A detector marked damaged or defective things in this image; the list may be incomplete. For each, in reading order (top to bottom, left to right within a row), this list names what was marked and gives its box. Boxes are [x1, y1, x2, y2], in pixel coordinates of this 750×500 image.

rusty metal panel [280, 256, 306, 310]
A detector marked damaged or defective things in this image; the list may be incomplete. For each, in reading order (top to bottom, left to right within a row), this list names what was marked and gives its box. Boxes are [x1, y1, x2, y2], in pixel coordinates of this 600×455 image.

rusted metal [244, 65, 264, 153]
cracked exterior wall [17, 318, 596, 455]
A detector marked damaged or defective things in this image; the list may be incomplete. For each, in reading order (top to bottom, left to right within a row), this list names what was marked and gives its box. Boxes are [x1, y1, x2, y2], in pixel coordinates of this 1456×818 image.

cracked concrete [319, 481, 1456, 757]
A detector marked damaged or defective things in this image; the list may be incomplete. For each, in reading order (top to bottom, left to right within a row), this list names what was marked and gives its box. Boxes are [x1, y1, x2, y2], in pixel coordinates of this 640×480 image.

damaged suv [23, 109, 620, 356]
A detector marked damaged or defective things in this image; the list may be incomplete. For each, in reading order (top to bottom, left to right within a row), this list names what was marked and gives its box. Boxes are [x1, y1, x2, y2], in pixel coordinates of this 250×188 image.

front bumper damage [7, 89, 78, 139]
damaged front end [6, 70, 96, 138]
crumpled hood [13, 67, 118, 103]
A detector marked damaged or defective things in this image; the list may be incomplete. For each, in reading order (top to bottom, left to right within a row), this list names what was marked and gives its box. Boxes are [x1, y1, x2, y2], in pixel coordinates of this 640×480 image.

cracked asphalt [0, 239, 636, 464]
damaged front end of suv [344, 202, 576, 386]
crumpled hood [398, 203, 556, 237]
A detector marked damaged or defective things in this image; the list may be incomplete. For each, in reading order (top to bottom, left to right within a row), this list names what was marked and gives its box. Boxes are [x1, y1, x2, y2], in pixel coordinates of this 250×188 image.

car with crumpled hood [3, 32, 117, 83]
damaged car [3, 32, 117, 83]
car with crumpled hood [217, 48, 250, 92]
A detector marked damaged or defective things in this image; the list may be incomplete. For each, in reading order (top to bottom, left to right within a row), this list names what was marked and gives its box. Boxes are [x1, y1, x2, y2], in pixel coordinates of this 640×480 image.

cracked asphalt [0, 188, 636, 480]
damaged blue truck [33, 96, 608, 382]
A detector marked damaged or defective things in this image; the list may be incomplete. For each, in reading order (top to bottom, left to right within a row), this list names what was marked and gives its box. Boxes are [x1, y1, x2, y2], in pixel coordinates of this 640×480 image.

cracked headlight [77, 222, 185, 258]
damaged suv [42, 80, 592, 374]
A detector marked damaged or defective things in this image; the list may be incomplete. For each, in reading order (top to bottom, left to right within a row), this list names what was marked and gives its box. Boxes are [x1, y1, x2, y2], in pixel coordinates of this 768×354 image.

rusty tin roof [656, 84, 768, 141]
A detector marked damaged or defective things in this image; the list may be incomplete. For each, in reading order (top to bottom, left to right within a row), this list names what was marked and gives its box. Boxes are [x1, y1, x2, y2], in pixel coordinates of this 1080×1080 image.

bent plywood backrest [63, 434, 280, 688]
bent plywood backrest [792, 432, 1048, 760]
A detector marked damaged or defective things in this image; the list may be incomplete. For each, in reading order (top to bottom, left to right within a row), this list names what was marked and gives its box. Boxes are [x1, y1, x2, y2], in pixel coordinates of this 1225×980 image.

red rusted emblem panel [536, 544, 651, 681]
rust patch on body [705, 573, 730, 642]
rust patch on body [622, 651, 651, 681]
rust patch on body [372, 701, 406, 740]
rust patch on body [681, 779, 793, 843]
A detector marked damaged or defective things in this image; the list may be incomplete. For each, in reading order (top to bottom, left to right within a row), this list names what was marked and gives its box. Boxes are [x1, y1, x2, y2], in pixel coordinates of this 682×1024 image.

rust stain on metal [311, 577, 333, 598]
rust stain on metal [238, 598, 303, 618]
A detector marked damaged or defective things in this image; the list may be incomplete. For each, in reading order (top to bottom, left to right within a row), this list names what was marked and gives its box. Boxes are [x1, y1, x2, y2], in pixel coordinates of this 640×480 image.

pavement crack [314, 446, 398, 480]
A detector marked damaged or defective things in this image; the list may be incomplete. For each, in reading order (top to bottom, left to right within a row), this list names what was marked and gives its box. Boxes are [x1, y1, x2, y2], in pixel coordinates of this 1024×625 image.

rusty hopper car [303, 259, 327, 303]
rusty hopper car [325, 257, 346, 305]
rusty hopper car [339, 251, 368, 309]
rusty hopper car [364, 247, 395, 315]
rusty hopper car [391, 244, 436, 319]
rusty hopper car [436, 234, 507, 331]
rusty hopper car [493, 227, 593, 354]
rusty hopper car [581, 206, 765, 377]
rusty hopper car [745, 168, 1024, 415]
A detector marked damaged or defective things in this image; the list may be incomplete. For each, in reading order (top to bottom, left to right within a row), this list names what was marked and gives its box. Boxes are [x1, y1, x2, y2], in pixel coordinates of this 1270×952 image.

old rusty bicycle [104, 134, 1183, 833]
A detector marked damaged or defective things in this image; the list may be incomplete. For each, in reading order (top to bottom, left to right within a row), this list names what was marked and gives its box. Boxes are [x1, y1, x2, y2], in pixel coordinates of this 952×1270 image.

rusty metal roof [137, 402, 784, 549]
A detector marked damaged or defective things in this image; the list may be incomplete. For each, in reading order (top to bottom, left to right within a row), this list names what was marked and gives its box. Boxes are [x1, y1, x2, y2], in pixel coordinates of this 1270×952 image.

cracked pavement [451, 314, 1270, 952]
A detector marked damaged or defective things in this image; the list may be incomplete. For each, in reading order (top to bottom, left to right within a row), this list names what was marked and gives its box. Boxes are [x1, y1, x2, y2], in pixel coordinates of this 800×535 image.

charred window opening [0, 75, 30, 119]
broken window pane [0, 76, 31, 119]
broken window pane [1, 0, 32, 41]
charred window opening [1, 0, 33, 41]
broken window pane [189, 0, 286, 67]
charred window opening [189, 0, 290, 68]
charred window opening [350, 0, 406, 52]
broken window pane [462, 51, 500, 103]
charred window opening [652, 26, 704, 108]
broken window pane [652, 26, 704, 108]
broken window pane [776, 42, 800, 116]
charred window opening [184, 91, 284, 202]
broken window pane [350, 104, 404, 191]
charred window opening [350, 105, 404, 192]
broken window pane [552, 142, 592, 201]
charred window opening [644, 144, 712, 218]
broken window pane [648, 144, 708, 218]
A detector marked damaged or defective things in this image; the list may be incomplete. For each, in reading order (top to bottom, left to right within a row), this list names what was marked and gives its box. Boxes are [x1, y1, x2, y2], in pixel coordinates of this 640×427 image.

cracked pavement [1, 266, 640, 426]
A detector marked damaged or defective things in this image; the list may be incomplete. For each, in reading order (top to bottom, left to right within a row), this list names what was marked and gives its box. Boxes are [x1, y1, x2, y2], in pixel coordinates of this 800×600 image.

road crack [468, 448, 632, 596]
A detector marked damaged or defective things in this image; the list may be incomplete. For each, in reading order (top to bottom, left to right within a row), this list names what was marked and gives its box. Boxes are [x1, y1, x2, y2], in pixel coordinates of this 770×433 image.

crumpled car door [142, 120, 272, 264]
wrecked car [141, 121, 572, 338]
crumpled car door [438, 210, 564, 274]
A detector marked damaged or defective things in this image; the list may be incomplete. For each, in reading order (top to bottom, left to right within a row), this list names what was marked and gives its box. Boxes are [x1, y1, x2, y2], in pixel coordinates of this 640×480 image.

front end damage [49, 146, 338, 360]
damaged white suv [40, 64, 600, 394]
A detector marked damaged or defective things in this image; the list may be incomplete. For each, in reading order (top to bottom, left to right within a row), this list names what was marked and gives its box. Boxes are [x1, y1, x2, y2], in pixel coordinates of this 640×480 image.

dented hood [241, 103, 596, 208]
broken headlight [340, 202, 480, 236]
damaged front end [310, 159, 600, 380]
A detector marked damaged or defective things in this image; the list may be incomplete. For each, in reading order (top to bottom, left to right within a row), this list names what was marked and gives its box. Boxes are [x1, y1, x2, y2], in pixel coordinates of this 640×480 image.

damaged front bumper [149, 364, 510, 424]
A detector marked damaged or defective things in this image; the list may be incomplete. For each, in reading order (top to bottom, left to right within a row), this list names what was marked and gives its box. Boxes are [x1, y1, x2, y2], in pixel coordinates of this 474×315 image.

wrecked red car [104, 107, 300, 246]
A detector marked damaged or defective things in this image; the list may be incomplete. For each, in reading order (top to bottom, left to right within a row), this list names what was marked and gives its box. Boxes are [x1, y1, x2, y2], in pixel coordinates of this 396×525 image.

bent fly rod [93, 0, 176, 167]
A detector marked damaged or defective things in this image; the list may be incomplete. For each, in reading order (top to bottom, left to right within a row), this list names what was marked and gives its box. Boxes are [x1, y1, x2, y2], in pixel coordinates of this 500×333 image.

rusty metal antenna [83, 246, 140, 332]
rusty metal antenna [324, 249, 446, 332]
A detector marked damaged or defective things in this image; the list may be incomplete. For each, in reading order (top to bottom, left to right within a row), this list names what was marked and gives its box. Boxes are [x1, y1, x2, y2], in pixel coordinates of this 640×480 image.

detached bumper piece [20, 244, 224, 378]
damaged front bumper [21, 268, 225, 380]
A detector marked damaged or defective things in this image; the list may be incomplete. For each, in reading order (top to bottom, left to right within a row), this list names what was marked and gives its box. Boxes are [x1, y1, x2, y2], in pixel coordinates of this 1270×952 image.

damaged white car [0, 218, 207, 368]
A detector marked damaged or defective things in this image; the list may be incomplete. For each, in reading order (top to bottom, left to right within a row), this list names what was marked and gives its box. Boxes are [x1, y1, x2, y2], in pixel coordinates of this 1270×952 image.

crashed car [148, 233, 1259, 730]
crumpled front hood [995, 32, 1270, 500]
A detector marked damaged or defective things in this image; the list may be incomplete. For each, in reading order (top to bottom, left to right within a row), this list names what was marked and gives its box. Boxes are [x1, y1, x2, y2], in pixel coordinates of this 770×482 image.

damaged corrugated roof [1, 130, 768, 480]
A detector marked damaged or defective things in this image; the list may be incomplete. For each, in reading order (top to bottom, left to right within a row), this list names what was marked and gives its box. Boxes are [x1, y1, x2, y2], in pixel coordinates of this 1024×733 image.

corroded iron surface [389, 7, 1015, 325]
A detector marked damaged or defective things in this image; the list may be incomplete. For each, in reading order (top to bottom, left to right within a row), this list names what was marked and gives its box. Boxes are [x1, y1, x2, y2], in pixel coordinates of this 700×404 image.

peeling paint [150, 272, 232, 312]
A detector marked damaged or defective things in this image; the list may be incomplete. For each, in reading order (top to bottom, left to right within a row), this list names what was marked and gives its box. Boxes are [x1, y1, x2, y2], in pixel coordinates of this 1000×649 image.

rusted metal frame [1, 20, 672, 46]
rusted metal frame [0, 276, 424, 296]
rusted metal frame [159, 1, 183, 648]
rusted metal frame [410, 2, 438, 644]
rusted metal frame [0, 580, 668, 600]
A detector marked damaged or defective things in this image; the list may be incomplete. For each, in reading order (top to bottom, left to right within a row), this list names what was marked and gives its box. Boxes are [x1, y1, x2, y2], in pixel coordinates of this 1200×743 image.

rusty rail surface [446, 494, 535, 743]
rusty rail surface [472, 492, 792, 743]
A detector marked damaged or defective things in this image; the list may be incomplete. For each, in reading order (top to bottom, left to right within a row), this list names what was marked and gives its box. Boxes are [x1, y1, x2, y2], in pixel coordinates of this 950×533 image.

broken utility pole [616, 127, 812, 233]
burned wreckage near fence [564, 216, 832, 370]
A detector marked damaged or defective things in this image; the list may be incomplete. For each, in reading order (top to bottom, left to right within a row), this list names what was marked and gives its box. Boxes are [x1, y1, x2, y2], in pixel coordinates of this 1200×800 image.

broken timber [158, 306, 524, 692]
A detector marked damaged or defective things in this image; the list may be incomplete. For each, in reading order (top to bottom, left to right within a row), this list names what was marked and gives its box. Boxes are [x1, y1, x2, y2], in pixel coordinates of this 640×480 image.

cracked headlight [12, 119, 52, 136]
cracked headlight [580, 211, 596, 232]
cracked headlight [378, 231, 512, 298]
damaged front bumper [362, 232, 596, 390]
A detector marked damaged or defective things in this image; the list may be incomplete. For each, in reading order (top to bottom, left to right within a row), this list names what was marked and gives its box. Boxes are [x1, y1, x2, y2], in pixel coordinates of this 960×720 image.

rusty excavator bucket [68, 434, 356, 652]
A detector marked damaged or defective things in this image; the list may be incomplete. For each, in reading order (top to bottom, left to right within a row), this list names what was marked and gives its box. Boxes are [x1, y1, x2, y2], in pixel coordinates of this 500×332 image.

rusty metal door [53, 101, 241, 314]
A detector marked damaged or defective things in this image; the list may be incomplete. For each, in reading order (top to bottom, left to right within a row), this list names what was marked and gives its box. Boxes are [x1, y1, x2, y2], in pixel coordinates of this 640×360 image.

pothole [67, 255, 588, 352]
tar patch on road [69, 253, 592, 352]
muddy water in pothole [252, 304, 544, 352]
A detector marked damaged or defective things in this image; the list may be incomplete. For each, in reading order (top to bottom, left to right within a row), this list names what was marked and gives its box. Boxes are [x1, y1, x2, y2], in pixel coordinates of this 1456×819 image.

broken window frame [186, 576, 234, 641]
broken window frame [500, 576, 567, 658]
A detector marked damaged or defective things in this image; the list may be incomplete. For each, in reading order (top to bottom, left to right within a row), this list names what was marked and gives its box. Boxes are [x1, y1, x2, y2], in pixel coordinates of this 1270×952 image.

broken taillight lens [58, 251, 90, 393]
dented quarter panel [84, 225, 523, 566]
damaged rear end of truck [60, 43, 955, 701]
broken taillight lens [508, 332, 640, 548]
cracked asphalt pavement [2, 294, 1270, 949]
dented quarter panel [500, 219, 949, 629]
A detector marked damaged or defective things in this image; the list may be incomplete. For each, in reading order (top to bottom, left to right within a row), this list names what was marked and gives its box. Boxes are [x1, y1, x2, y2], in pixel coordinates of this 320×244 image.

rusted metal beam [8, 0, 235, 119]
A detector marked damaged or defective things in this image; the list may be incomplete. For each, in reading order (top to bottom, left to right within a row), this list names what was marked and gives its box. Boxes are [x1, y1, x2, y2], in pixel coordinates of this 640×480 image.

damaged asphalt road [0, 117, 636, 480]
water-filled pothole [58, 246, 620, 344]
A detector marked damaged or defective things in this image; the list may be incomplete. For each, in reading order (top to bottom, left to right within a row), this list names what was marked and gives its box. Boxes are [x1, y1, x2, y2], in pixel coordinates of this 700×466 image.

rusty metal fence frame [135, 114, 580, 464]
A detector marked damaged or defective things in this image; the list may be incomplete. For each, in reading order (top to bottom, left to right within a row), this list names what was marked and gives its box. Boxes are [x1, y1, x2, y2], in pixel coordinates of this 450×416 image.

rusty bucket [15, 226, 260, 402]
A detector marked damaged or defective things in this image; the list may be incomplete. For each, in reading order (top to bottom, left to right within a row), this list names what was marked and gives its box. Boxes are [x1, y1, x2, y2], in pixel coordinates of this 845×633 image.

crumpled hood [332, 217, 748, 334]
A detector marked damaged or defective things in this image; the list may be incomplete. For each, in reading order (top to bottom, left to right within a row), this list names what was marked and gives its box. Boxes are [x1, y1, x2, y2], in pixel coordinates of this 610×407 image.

▶ **Exercise brief**
Retype, without changes, the lines from the line holding "this 450×416 image." to the end of the data, both ends included.

▶ **Result for this task**
A detector marked damaged or defective things in this image; the list may be incomplete. For each, in reading order (top to bottom, left to right within a row), this list names what was marked and gives its box. Boxes are [x1, y1, x2, y2], in pixel coordinates of this 450×416 image.

rusty bucket [15, 226, 260, 402]
A detector marked damaged or defective things in this image; the list may be incomplete. For each, in reading order (top to bottom, left to right within a row), this list names what was marked and gives its box. Boxes are [x1, y1, x2, y2], in pixel coordinates of this 845×633 image.

crumpled hood [332, 217, 748, 334]
A detector marked damaged or defective things in this image; the list may be incomplete. For each, in reading order (top to bottom, left to right within a row), this list names what was marked and gives its box. Boxes are [x1, y1, x2, y2], in pixel coordinates of this 610×407 image.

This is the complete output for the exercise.